For the end user, creating simulations would work like this:

```{r sim-example, eval = FALSE, cache = TRUE}
library(fable)
library(tsibbledata)
UKLungDeaths %>% 
  model(lm = TSLM(mdeaths ~ fourier("year", K = 4) + fdeaths)) %>% 
  generate(UKLungDeaths, times = 5)
```

```{r sim-example-eval, echo = FALSE, cache = TRUE}
library(fable)
library(tsibbledata)
sim1 <- UKLungDeaths %>% 
  model(lm = TSLM(mdeaths ~ fourier("year", K = 4) + fdeaths)) %>% 
  generate(UKLungDeaths, times = 5)
sim1
library(ggplot2)
ggplot(UKLungDeaths, aes(x = index, y = mdeaths)) + 
  geom_line(colour = "blue") + 
  geom_line(aes(y = .sim, group = .rep), data = sim1, alpha = 0.2) + 
  theme_minimal()
```


Or, to generate data beyond the sample:

```{r sim-future, eval = FALSE}
library(lubridate)
UKLungDeaths %>% 
  filter(year(index) <= 1978) %>% 
  model(lm = TSLM(mdeaths ~ fourier("year", K = 4) + fdeaths)) %>% 
  generate(
    UKLungDeaths %>% filter(year(index) > 1978),
    times = 5
  )
```
```{r sim-future-eval, echo=FALSE}
library(lubridate)
sim2 <- UKLungDeaths %>% 
  filter(year(index) <= 1978) %>% 
  model(lm = TSLM(mdeaths ~ fourier("year", K = 4) + fdeaths)) %>% 
  generate(
    UKLungDeaths %>% filter(year(index) > 1978),
    times = 5
  )
sim2
library(ggplot2)
UKLungDeaths %>% 
  filter(year(index) <= 1978) %>% 
  ggplot(aes(x = index, y = mdeaths)) + 
  geom_line(colour = "blue") + 
  geom_line(aes(y = .sim, group = .rep), data = sim2, alpha = 0.2) + 
  theme_minimal()
```


## Visualisation

Different plots are appropriate for visualising each type of model.
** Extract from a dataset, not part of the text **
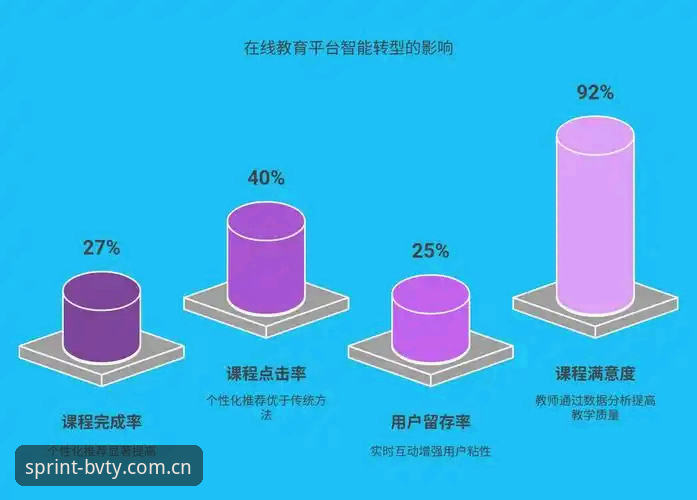 宝威体育官网手机版v2.0.5最新动态：从入口优化到用户体验的全面升级分析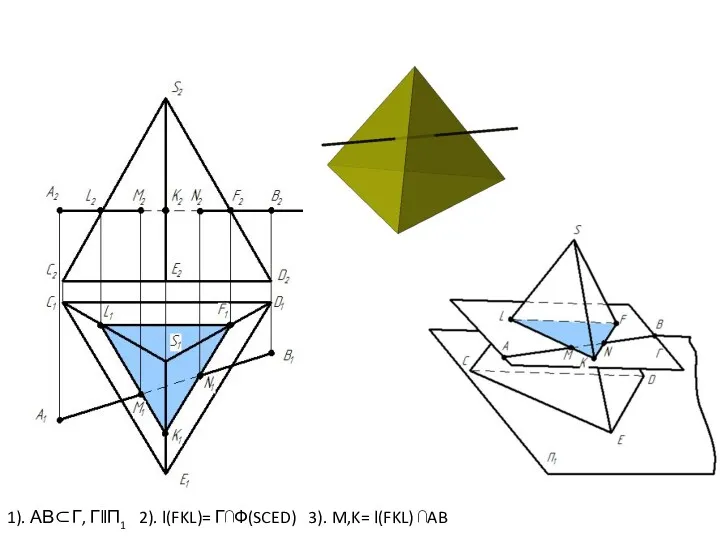 1). АВ⊂Г, Г‖П1 2). l(FKL)= Г⋂Ф(SCED) 3). M,K= l(FKL) ⋂AB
For example, a plot of an ARIMA model may show the AR and/or MA roots from the model on a unit circle. A linear model has several common plots, including plots showing "Residuals vs Fitted" values, normality via a Q-Q plot, and measures of leverage. These model plots are further extended by the [visreg package](http://pbreheny.github.io/visreg/) to show the affects of terms on the model's response. Some models currently have no model-specific plots, such as ETS, which defaults to showing a components plot using the estimated states.

Visualising these models poses a substantial challenge for consistency across models, and is made more difficult as batch modelling becomes commonplace.